Task description: An exact copy of the data is required, with no pictures in it.

The data:
################

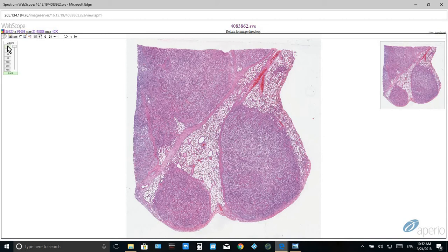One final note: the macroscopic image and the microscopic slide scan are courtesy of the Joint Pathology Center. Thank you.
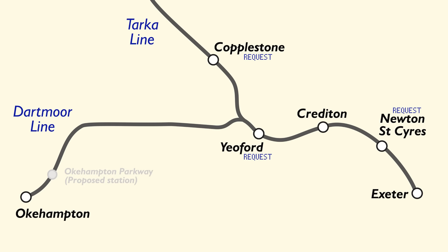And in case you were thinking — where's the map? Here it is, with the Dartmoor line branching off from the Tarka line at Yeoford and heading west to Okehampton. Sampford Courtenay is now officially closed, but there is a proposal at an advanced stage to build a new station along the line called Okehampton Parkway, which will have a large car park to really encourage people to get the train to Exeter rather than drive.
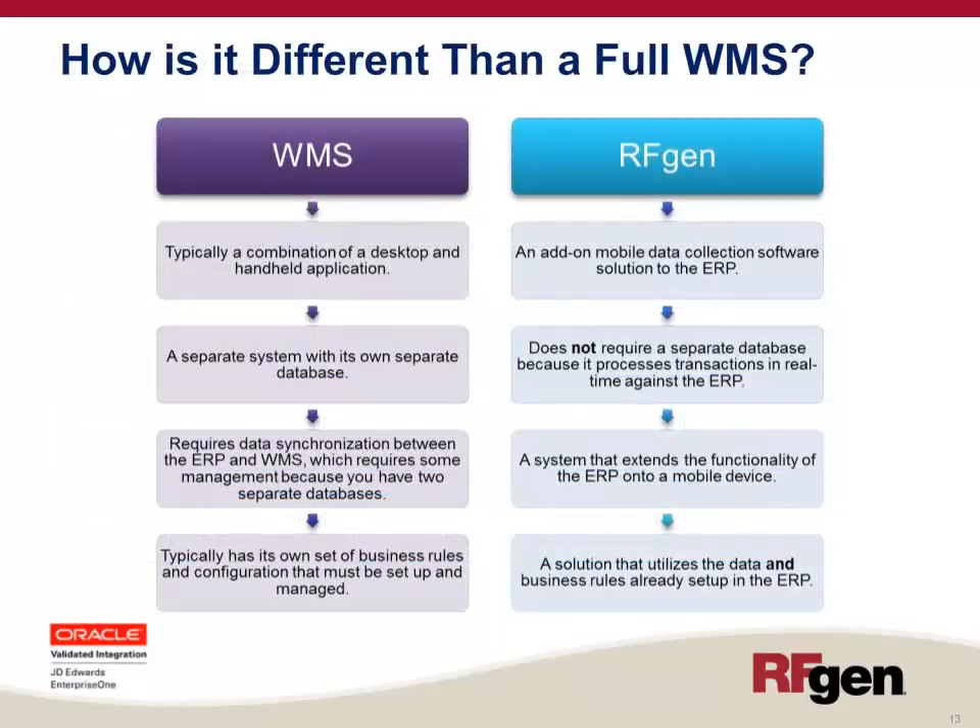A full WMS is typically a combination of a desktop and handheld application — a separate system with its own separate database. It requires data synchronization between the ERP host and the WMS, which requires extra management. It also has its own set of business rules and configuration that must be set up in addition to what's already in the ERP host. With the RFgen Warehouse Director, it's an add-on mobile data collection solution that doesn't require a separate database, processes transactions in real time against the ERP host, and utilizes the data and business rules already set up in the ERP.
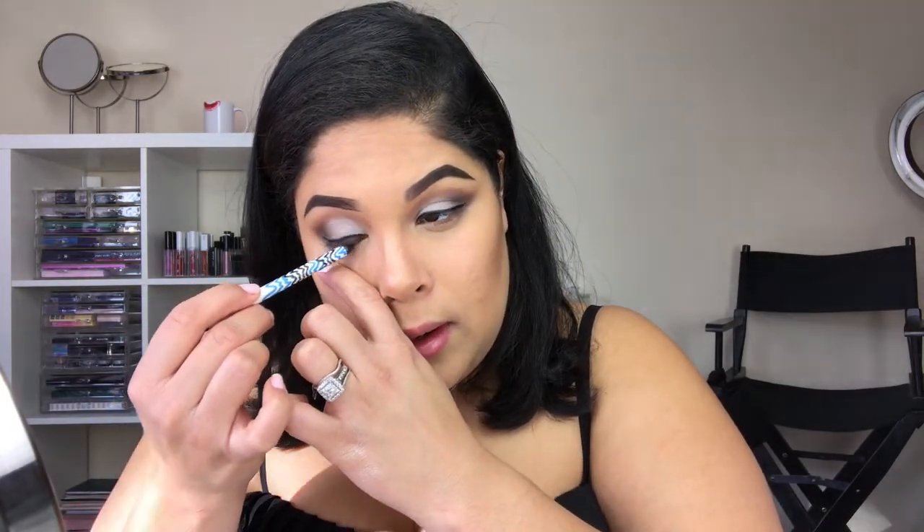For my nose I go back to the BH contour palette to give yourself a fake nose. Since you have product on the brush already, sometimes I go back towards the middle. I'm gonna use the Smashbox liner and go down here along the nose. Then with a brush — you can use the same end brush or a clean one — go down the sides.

################

Exercise result:
One final note: the macroscopic image and the microscopic slide scan are courtesy of the Joint Pathology Center. Thank you.
And in case you were thinking — where's the map? Here it is, with the Dartmoor line branching off from the Tarka line at Yeoford and heading west to Okehampton. Sampford Courtenay is now officially closed, but there is a proposal at an advanced stage to build a new station along the line called Okehampton Parkway, which will have a large car park to really encourage people to get the train to Exeter rather than drive.
A full WMS is typically a combination of a desktop and handheld application — a separate system with its own separate database. It requires data synchronization between the ERP host and the WMS, which requires extra management. It also has its own set of business rules and configuration that must be set up in addition to what's already in the ERP host. With the RFgen Warehouse Director, it's an add-on mobile data collection solution that doesn't require a separate database, processes transactions in real time against the ERP host, and utilizes the data and business rules already set up in the ERP.
For my nose I go back to the BH contour palette to give yourself a fake nose. Since you have product on the brush already, sometimes I go back towards the middle. I'm gonna use the Smashbox liner and go down here along the nose. Then with a brush — you can use the same end brush or a clean one — go down the sides.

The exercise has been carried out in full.